24 de julio de 2009

Juan Sasturain. Cambiando la lectura por la escritura

Juan Sasturain (1945) vive y trabaja en Buenos Aires. Es profesor de Literatura, periodista y crítico literario. Escribe ficciones, poesía y ensayos. Especializado en géneros y literaturas marginales, ha escrito ensayos sobre historieta y humor gráfico, y sobre el mundo del fútbol. Con el cuento "Con tinta sangre" ganó en 1990 el premio de la Semana Negra de Gijón. Ha publicado las novelas policiales "Manual de perdedores/1" (1985), "Manual de perdedores/2" (1987), "Arena en los zapatos" (1989), "Los sentidos del agua" (1990) y "Pagaría por no verte" (2008).
En ocasión del relanzamiento de "Los sentidos del agua", Sasturain escribió en el suplemento "Cultura y Nación" del diario "Clarín" del 12 de noviembre de 1992 un artículo en el que reflexiona sobre su escritura y el género policial. El artículo, titulado "Nada que decir, todo para contar", dice así:

Hay quienes escriben -dicen- porque tienen algo que decir. Eso es, al menos en término lógicos o semánticos, un equívoco: el que considera que tiene algo que decir, que lo diga. No es necesario que lo escriba. Y si cree que hay algo que deba hacer, que lo haga. La escritura, la ficción, pueden llegar antes, durante o después del acto o la dicción pero serán siempre otra cosa, nunca la misma.

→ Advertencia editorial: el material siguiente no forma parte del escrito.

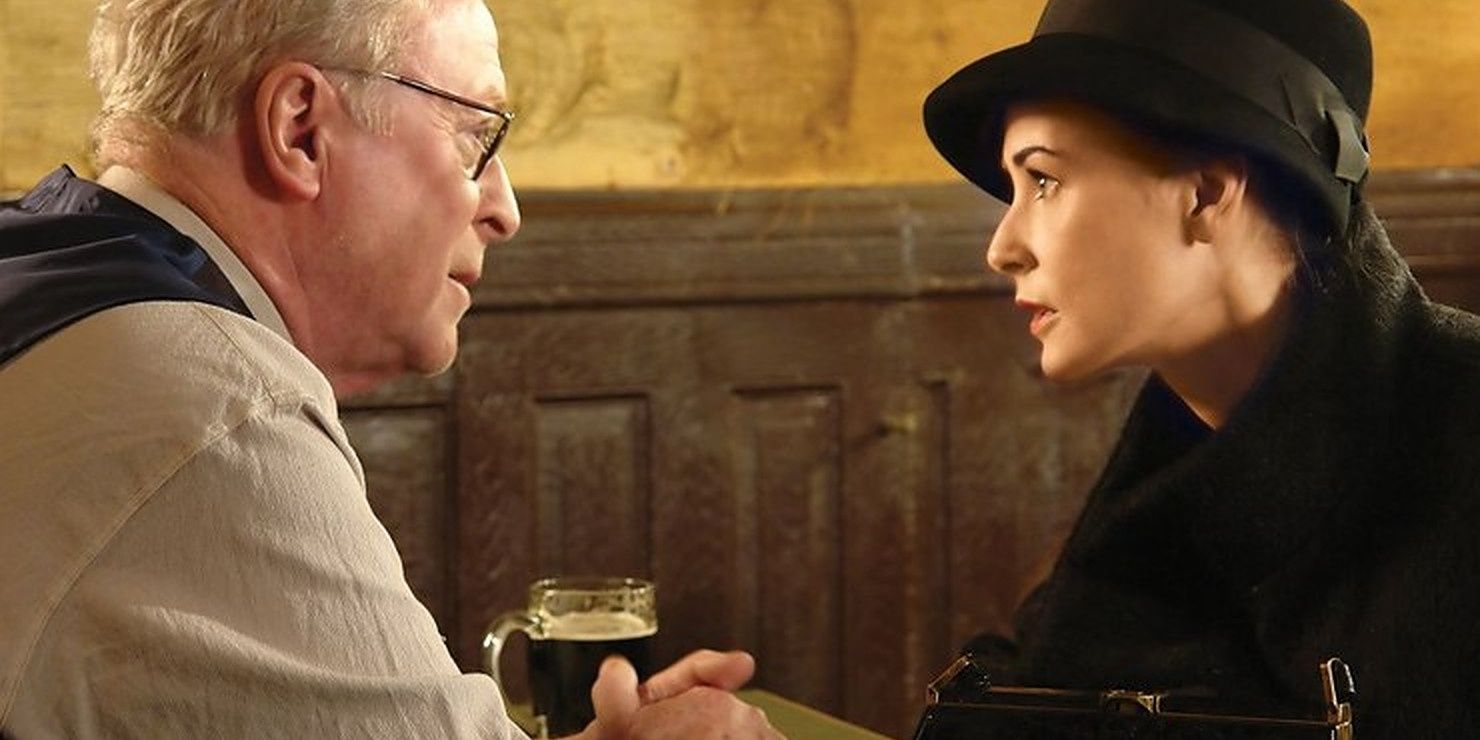 Michael Caine and Demi Moore sit at a table and talk in Flawless.
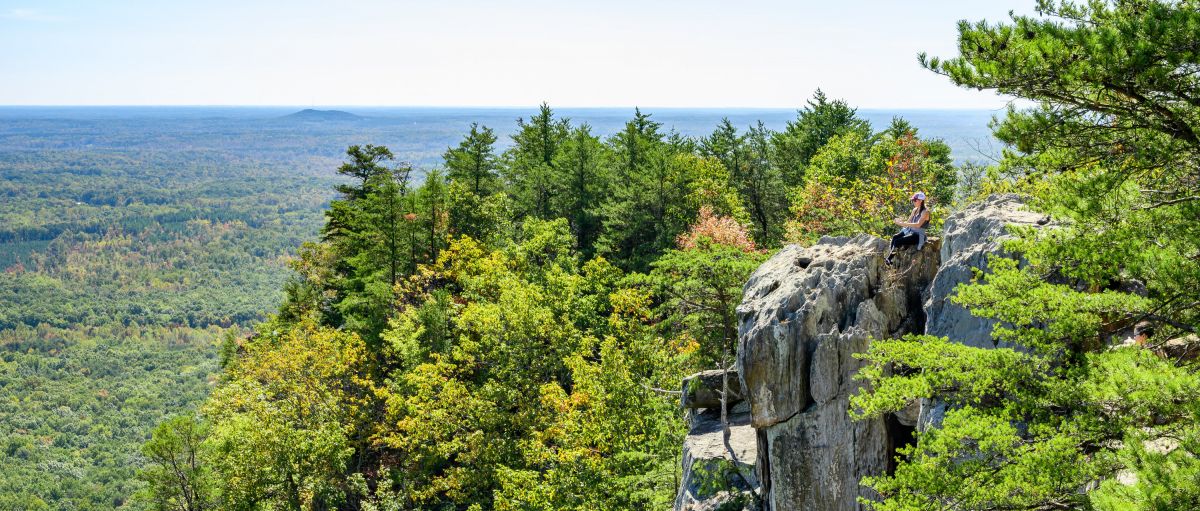 Woman sitting on edge of cliff at Crowders Mountain with trees all around on sunny day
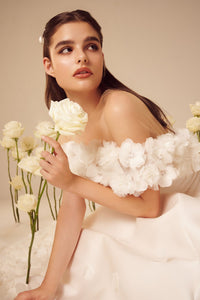 The Rosette Dress is the perfect blend of bold and romantic. Channel your inner Carrie Bradshaw and make a statement at any wedding event. Designed by the same designer as Taylor Swift's iconic Enchanted tour dress, this dress features beautiful rosette details throughout. Embrace this timeless trend with this midi silk wedding dress.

No hay equivalencias o sustituciones: decirle a ella "te quiero" no es lo mismo que hacerle el amor; y escribir un poema con esas y otras palabras más el deseo de hablar y de hacerle el amor es otra cosa. Esa diferencia es la literatura.
Hay quienes vivieron primero y luego -aparentemente- la literatura vino detrás para contarlo, como Conrad. Hay otros que en un principio escribie­ron la aventura que luego se atrevieron a vivir, como Oesterheld; están los que hicieron literatura mezclando biografía y ficción en una amalgama confusa o compleja sanamente indisoluble, como Miller, Cendars o Pratt, sin ir más lejos. Y hay, finalmente, escritores para quienes escribir - se me ocurren Borges, Salinger, Chandler- porque la "otra aventura", como dice Bioy, fueron los libros, sin recordar cuál era la primera, si la vida misma, ciertas formas de riesgo o las mujeres.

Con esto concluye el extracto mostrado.